[Saved data entries]
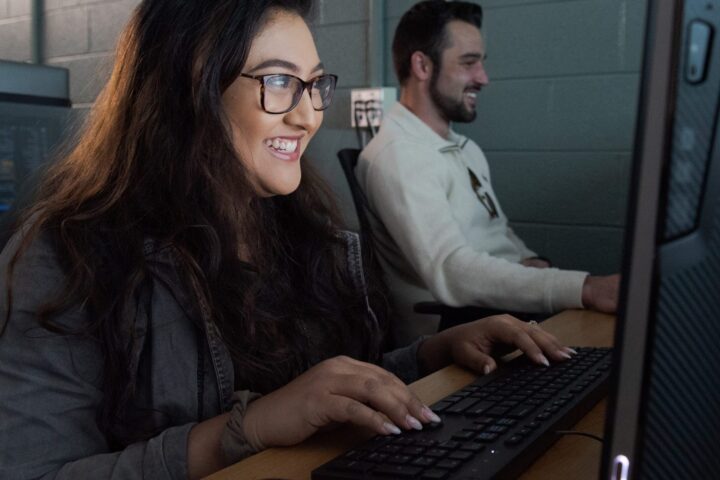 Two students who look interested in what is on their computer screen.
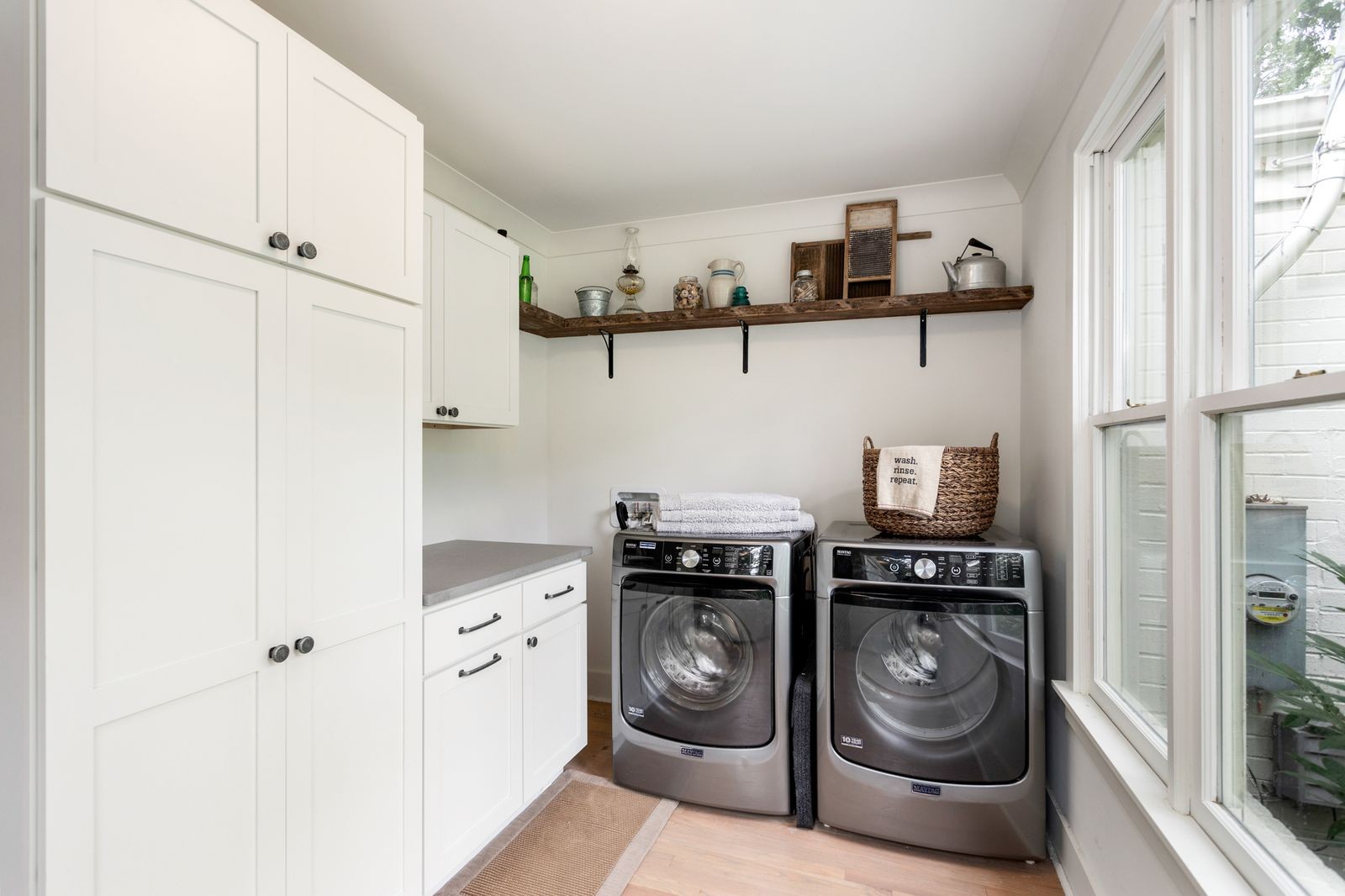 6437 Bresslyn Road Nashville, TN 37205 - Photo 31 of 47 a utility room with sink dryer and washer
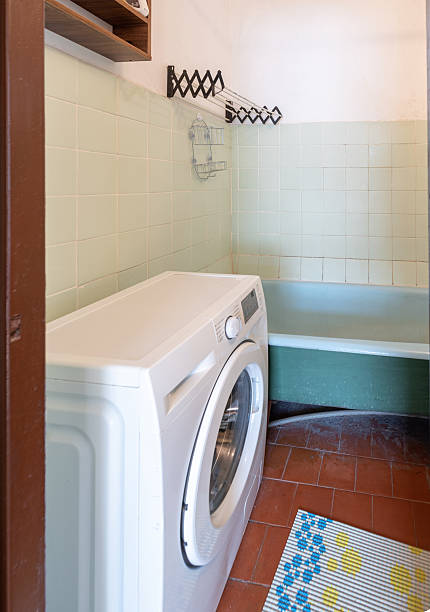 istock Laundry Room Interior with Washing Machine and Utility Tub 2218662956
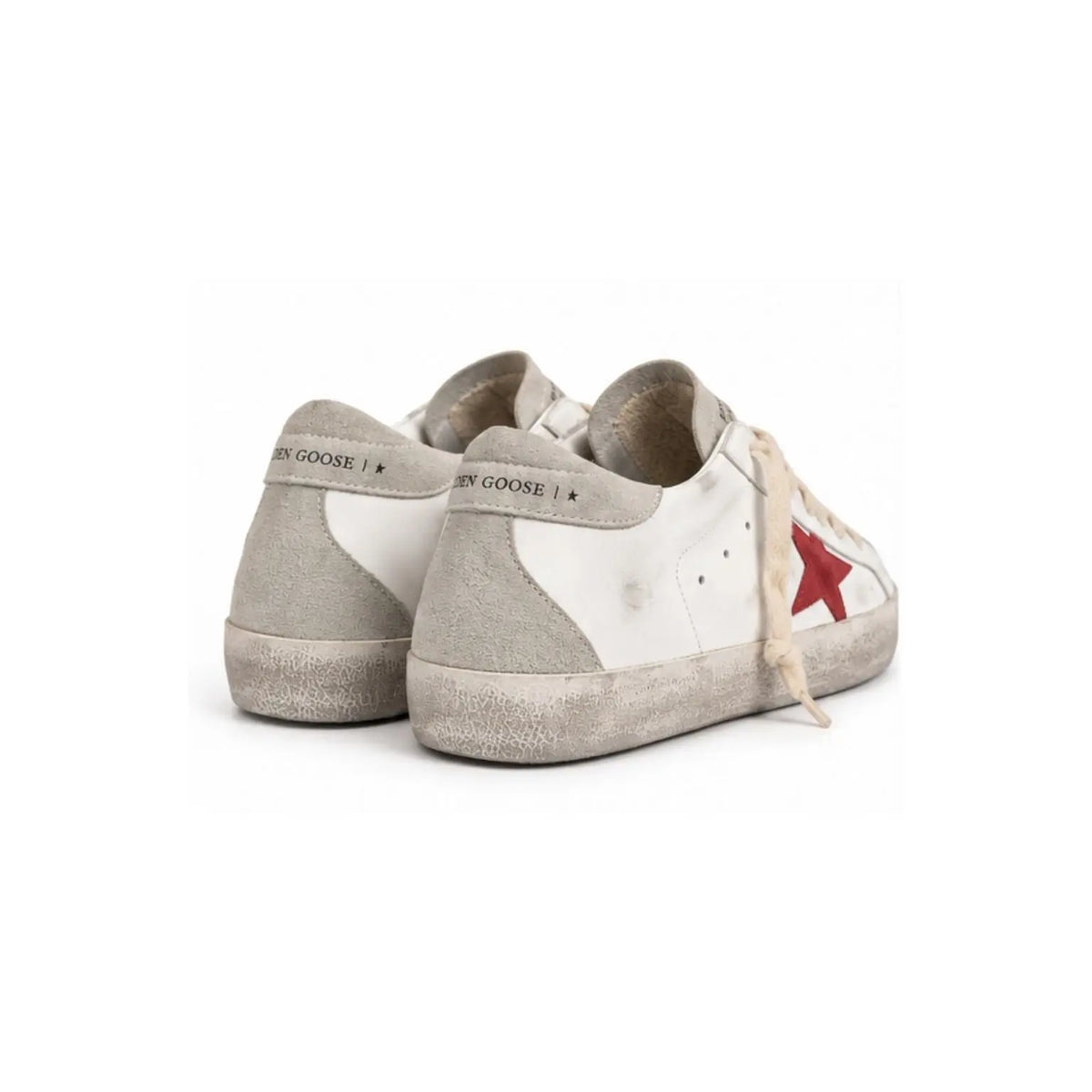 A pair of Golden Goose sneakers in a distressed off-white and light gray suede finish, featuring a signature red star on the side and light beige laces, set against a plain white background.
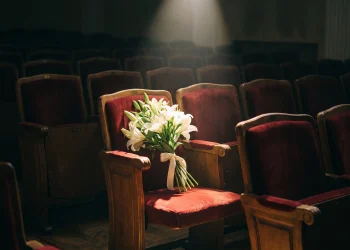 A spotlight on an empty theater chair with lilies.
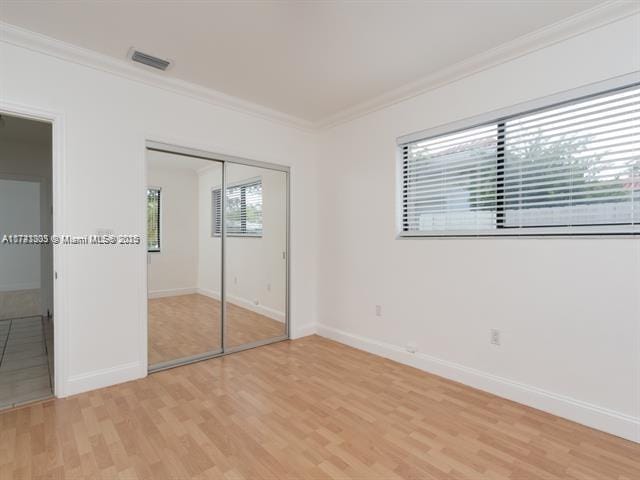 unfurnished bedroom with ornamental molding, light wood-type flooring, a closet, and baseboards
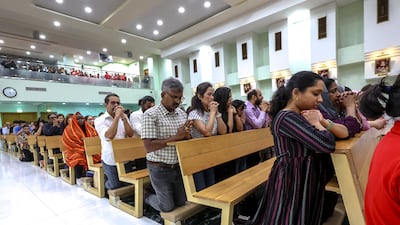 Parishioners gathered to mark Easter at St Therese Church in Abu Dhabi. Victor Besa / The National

- **Exercise requirements**
Excluding images, return all of the records above word for word.

- **Task answer**
 Two students who look interested in what is on their computer screen.
 6437 Bresslyn Road Nashville, TN 37205 - Photo 31 of 47 a utility room with sink dryer and washer
 istock Laundry Room Interior with Washing Machine and Utility Tub 2218662956
 A pair of Golden Goose sneakers in a distressed off-white and light gray suede finish, featuring a signature red star on the side and light beige laces, set against a plain white background.
 A spotlight on an empty theater chair with lilies.
 unfurnished bedroom with ornamental molding, light wood-type flooring, a closet, and baseboards
 Parishioners gathered to mark Easter at St Therese Church in Abu Dhabi. Victor Besa / The National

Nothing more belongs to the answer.